**Exercise:**
Only the lines from the one that contains "Anel coração vazado" to the last line below, both included, should be transcribed. Pictures stay out of the copy.

**Given data:**
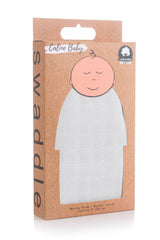 Draps - Swaddle en mousseline unie mint 120 x 120 cm + 4 petites serviettes buccales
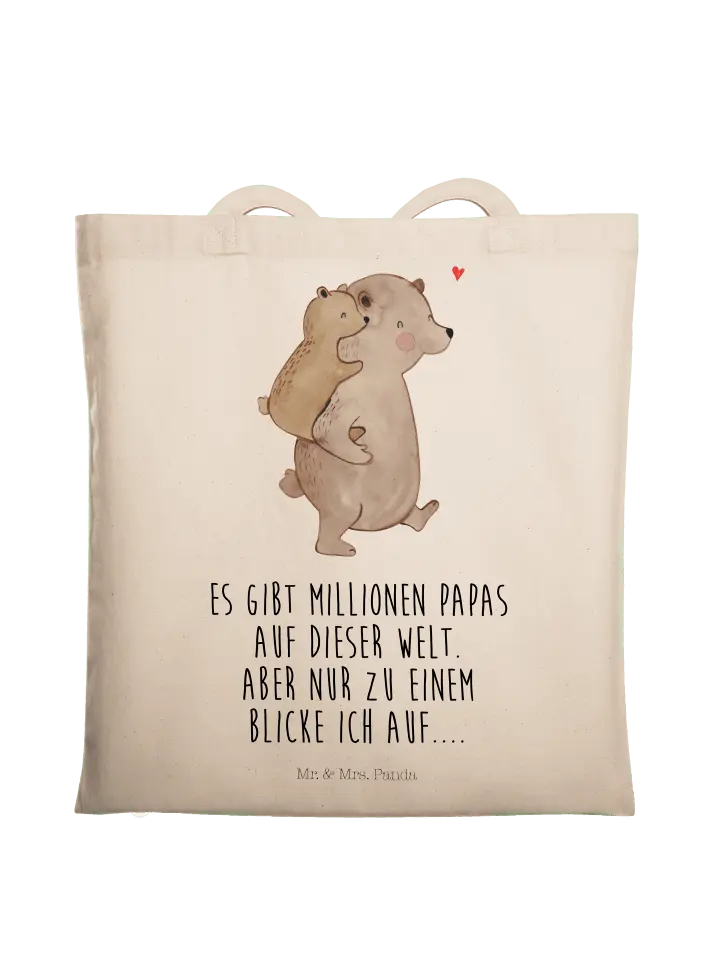 

Сумка для переноски Mr & Mrs Panda Papa Bär, кремовый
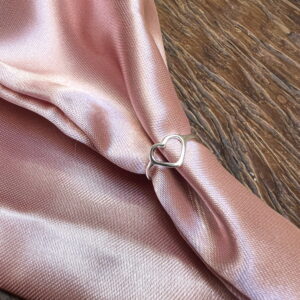 Anel coração vazado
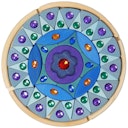 Vorschaubild Kleines Glitzermandala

**Expected output:**
 Anel coração vazado
 Vorschaubild Kleines Glitzermandala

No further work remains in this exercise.